Das Bürgerhaus diene eben nicht nur allein Vereinszwecken, wie dies früher mal der Fall gewesen sei. Ein Problem ist damit zwar gelöst, ein neues hat sich jedoch mit Beginn der Bauarbeiten in der Wetzlarer Straße aufgetan: Dadurch ist das Bürgerhaus schlechter zu erreichen. Auch die personellen Engpässe sind noch nicht behoben. Zugleich betont Nicole Daniel, wie wichtig es sei, respektvoll mit den Angestellten umzugehen und eine Vorbildfunktion auszuüben. »Wenn die Putzfrau ausfällt, musst du eben auch selbst putzen. Man sollte alles mal gemacht haben«, so ihr Credo. Und sie weiß: »Die Arbeit in der Gastronomie prägt einen über die Jahre.« Definitiv seien die Aufgaben nicht damit erledigt, »bloß die Tür aufzuschließen«.

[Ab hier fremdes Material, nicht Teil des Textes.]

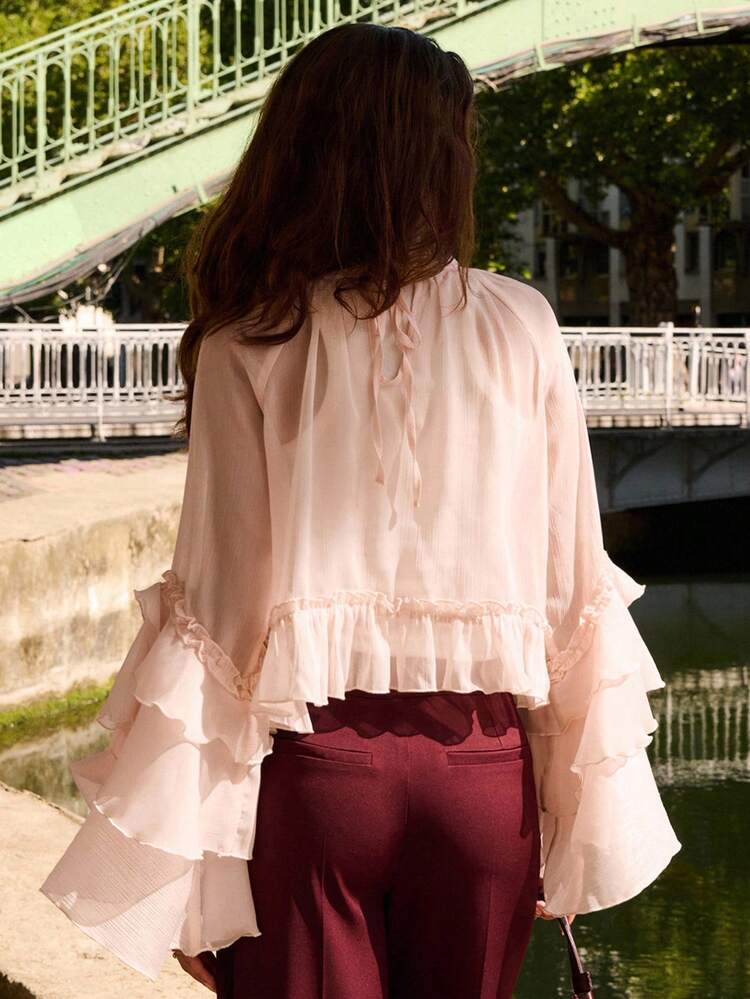 Top Boêmia Transparente com Babados em Rosa Claro, Top de Férias, Top para Encontros à Noite, Top para Sair, Primavera Verão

Das Bürgerhaus in Kleinlinden ist noch eines der wenigen, die eine gutbürgerliche deutsche Küche servieren. Vor allem für ihre selbst gekochte Gemüsesuppe erfahre sie vielfach große Wertschätzung. Dann komme es bisweilen sogar vor, das ein zufriedener Gast einfach mal in der Küche vorbeischaut, um sein Lob zu überbringen. Jeder sei herzlich eingeladen, sich jederzeit selbst einen Eindruck davon zu verschaffen, wie das eigene Essen zubereitet wird.